May I ask what it is you do not like about the CT grips? Is it the bulkier size or what.


----------



## Scratchshooter40 (Jun 17, 2008)

*M9/92 grips*

The M-9 and 92 grips are identical. I have a pair of standard Beretta plastic grips in an old Hogue plastic case that the Hogue Panel style rubber grips (like those found on the Inox 96 and 92 have). You are welcome to them. Just PM me you address and I'll mail them. I have more comfort and security with the Hogue panel style (without finger grooves) on my two 96's.

By the way, I have the LaserMax LMS-1441 in my Bruniton finish 96. Dead on accurate and does not add any bulk. 3 year warranty and so far no issues.


----------



## DJ Niner (Oct 3, 2006)

Scratchshooter40 said:


> The M-9 and 92 grips are identical. I have a pair of standard Beretta plastic grips in an old Hogue plastic case that the Hogue Panel style rubber grips (like those found on the Inox 96 and 92 have).

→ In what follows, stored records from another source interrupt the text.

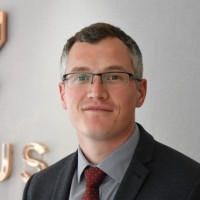 Craig Martin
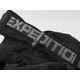  Брюки EXPEDITION 3 Dobermans Aggressive, фото 6 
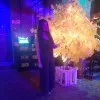 Shreya Umar
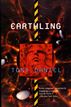 Earthling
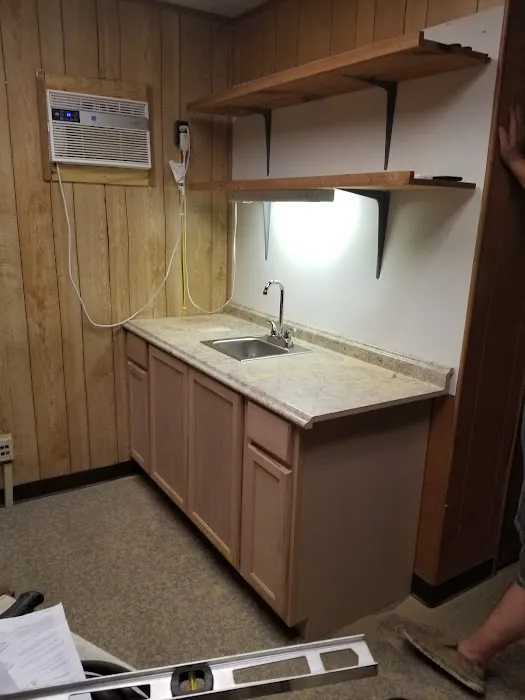River City RV Home Rentals 7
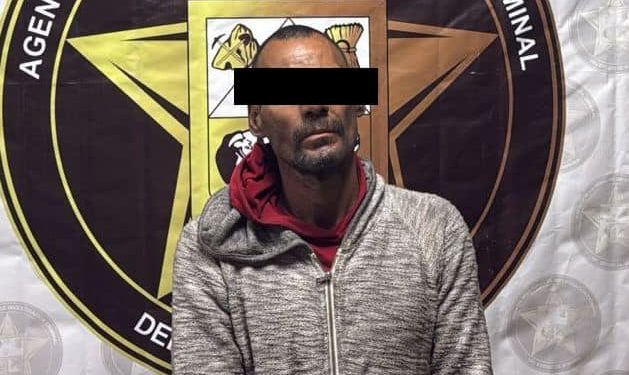 Vinculan a proceso a Carlos Roberto “N” por homicidio en Cajeme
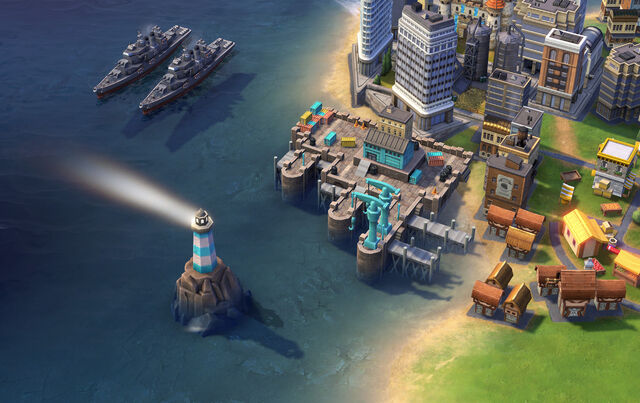 File:Civ6 Royal dockyard.jpg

You are welcome to them. Just PM me you address and I'll mail them. I have more comfort and security with the Hogue panel style (without finger grooves) on my two 96's.
> 
> By the way, I have the LaserMax LMS-1441 in my Bruniton finish 96. Dead on accurate and does not add any bulk. 3 year warranty and so far no issues.


That's a very generous offer, Scratchshooter40. Thanks for making a fellow shooter's life a little easier/brighter!

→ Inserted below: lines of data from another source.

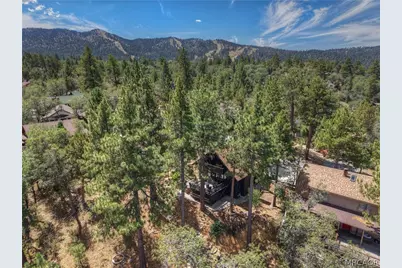533 Villa Grove Avenue, Big Bear City, CA 92314 - Photo 29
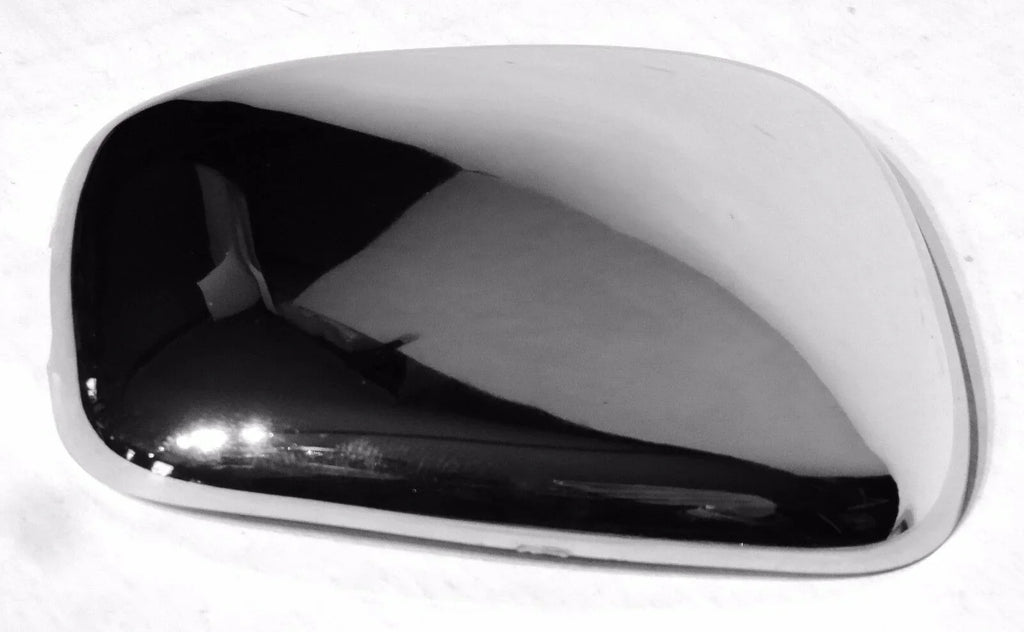Diagnostic Plug Cover for 357/378/379/385/386 Peterbilt 2006-18 Plastic GG#52014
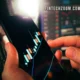 FintechZoom.com Markets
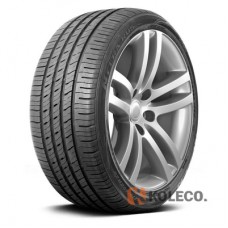 Автошина Nexen N'Fera RU5 225/40 R19 93V XL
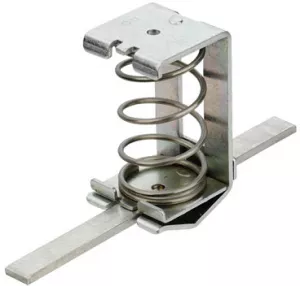 1716300000 Weidmüller Terminals Accessories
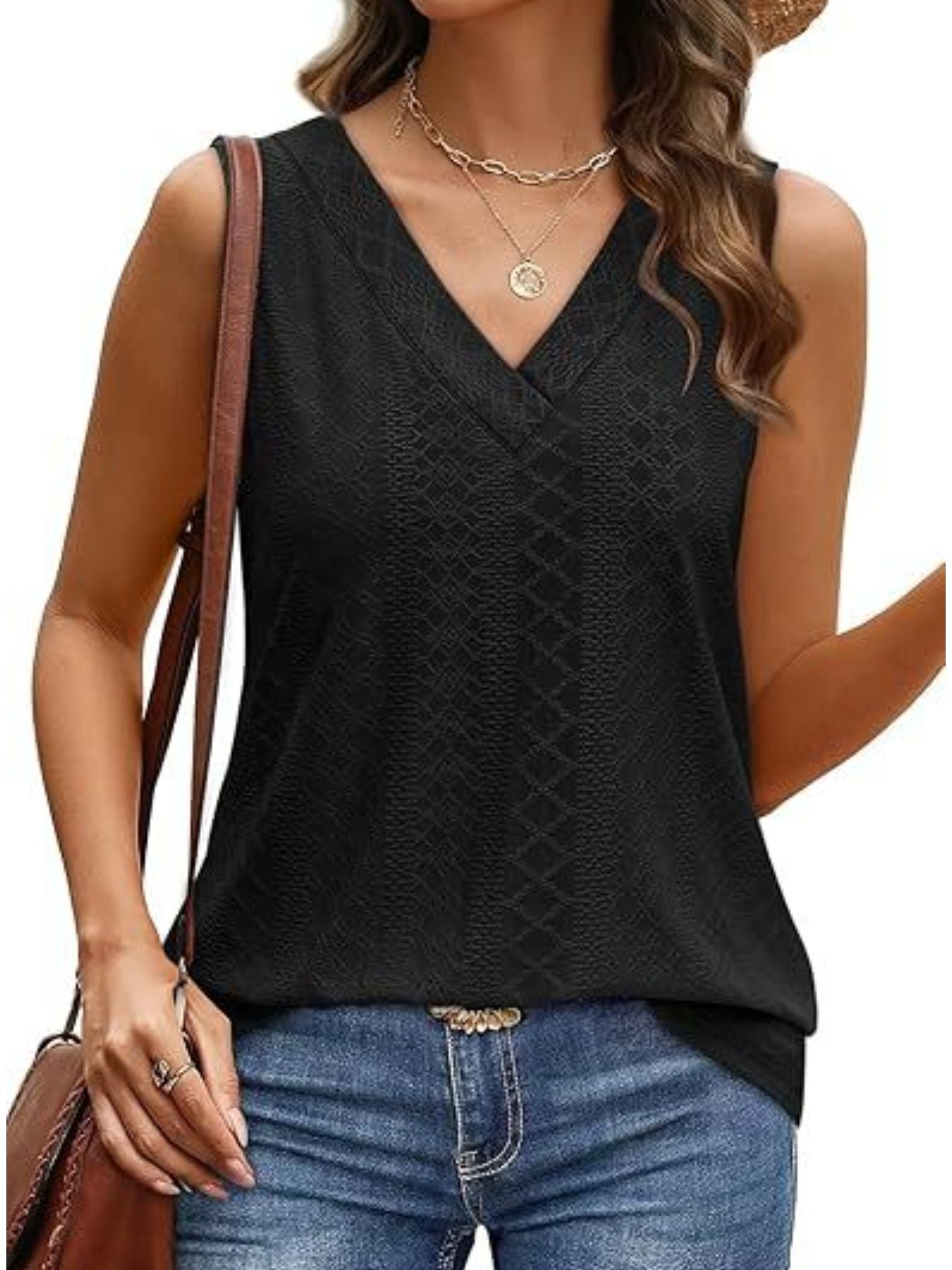 0bcb5aae-e2f5-48b3-9dd4-04b3670b4241-Max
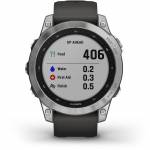 Garmin 10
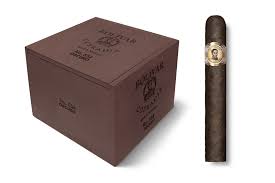 [INTREF011733] BOLIVAR COFRADIA OSCURO TORO 6X54  (25)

I should mention, however, that the older Beretta 92 grips may not fit properly on the newer frames that have the large-headed hammer pin that sticks-out slightly and rides in a groove on the bottom edge of the slide (broken slide capture mod from the factory). If I remember correctly, the (left?) grip has to have a circular relief cut for the larger head of the newer hammer pin; older guns had a flush-fitting pin, so no relief cut was needed. I suppose a handy person with a moto-grinder could carve a relief cut in the appropriate spot of the older style grip, if done with care (panel is not very thick in this area). It's also possible that the guns in question are both of the same approximate vintage, and the grips will work without modification. Just thought I'd mention it, as I've seen this type of problem crop-up before with the M9/92FS.


----------



## Scratchshooter40 (Jun 17, 2008)

*92/96 grip generations*

Roger that on the grip difference in the generation of the handgun. Hogue Grips come with an insert that can and does need to be used depending on the age of the handgun and its hammer pin. The grips I have are from a 96 purchased last year to replace an older model. Hope they will serve in this instance.


----------



## DJ Niner (Oct 3, 2006)

Scratchshooter40 said:


> ...
> Hogue Grips come with an insert that can and does need to be used depending on the age of the handgun and its hammer pin.
> ...


I did not know this; handy info to have! Thanks again!


----------



## Anarius (Mar 8, 2008)

Cool, thanks.

I will PM you when I get the gun. I don't like the laser grips because my hands are TOO large (yes, even though its a m9). The laser housing interferes with my grip. Its not bad and I'd use them in a pinch, but I'd prefer not to have them.

Thanks again.


----------



## Scratchshooter40 (Jun 17, 2008)

No problem. I also have a pair of Hogue panel style rubber grips like I use on mine taking up space in my parts drawer. I also have fairly large hands and you can have them if you want them. I will mail also. Try an inox with the black rubber grips at your local gunshop. If that works for you, I'll send the Hogue, if not I'll send the OEM plastic. Your call.


----------